テーブルに子牛のの膵臓(すいぞう)の料理が運ばれてきた。ウェイターがいなくなると、ベイジルは身を乗りだして言った。「きみの手紙はおおまかにしか書いてなかっただろう?ミス・クレイルが奇妙だと感じたきっかけについて、詳しく聞きたいんだ」

「フォスティーナ本人は少しも奇妙じゃないわ。奇妙なのはまわりの人たちの態度よ」

「同じことじゃないか。いつ頃からだい?」

「彼女が学校に来て間もなくよ」ギゼラはベイジルがこのことを真剣にとらえているので驚いた。

「変だと思った理由は?」

「それが、よく覚えていないの」ギゼラは残念そうに答えた。「新しい職場に入ったばかりだと、やることがたくさんあるでしょう?わたしも彼女と同じく今学期からの勤務だもの。そうね、彼女がみんなから避けられていると感じ始めたのは、たぶん二週間くらい経った頃だと思うわ。最初はメイドたちで、そのうちに生徒や同僚の教師にまで広がって、完全にのけ者になってしまったの。それでとうとう解雇されるはめに」

「それで全部?」

「あなたに手紙を出したあとにも、ちょっとした騒ぎがいくつか」

「どんな?」

ギゼラは詳しく話した。

「なぜかほかの教師たちはミス・クレイルを避けたんだろう」ベイジルは尋ねた。「思いあたる節はないかな?」

ギゼラはためらいがちに答えた。「どういうわけか、彼女を怖がっている感じだったわ。誰でも怖いものは避けたいわよね」

「なぜ怖かったんだろう?」

「さあ、さっぱりわからないわ!なんだか薄気味悪いことばかり。群集心理かしらね。それにしても、なんだか不思議な気分だわ。わたしね、こんなような話を前に聞いた覚えがあるのよ。なにかの本で読んだのかしら」

「たぶんそうだろう。
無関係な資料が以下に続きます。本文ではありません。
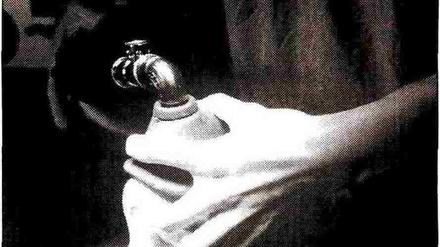 Narkose ist in der Regel gut begründet.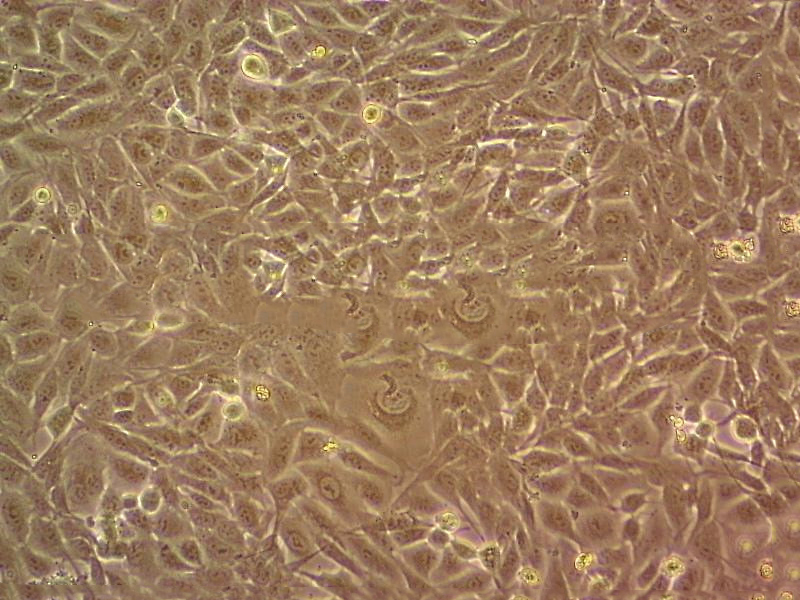 CHP-100 Cell:人成神经细胞系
きみの手紙を読み終えてすぐ、マダム・カルロヴィッツが訳した『詩と真実』のフランス語版をブレンターノ書店に電話で注文したよ」

「わたしもフォスティーナから返ってきたあとで第一巻を読み直してみたの。でも彼女の状況を連想させる箇所はどこにも見つからなかったわ」

「それは自分がなにを探しているかわからなかったからだろう。きみはフォスティーナの置かれている状況をつかみきれていないんだ」

バンドの演奏が始まって、今流行の騒々しい曲が店内いっぱいに鳴り響いた。ギゼラはため息をついた。

引用部分は、ヘレン・マクロイ「暗い鏡の中に」(1950)駒月雅子訳 創元推理文庫 2011年6月24日の発刊です。